> _What you will do_:
The data should be written out in full, exactly as it stands, and the pictures dropped.

> _Exercise data_:

--

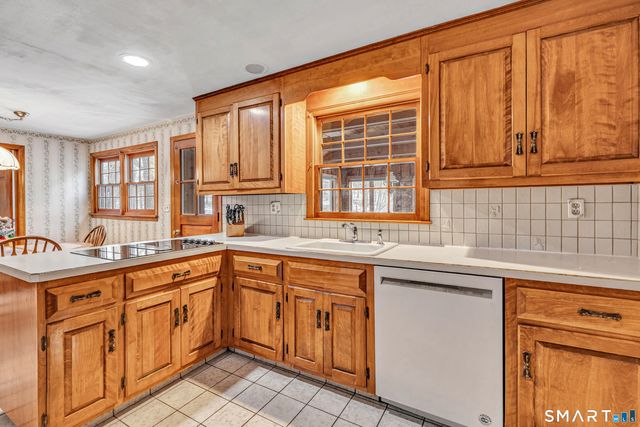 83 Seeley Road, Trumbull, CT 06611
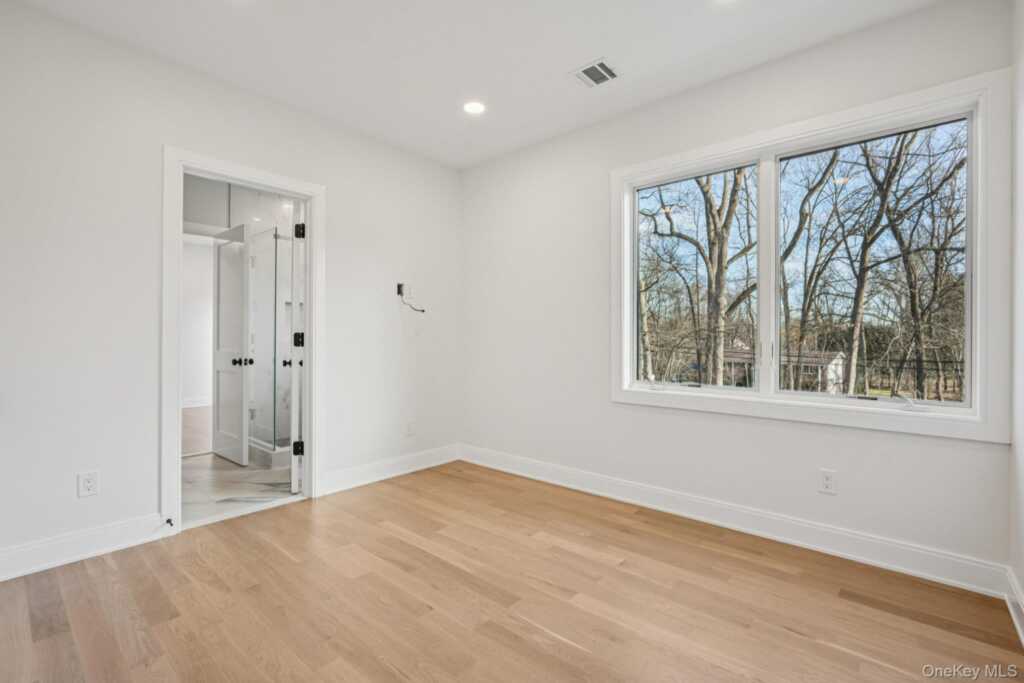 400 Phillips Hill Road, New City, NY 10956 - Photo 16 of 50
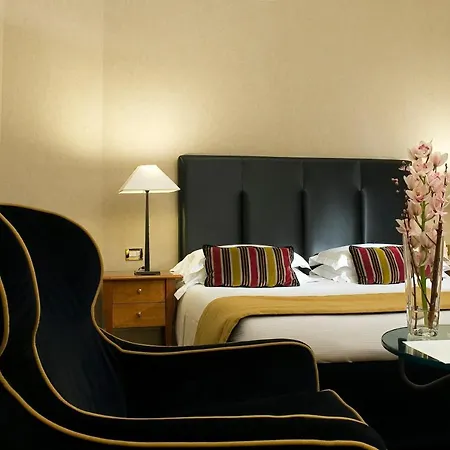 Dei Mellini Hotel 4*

--

> _Solution below_:
 83 Seeley Road, Trumbull, CT 06611
 400 Phillips Hill Road, New City, NY 10956 - Photo 16 of 50
 Dei Mellini Hotel 4*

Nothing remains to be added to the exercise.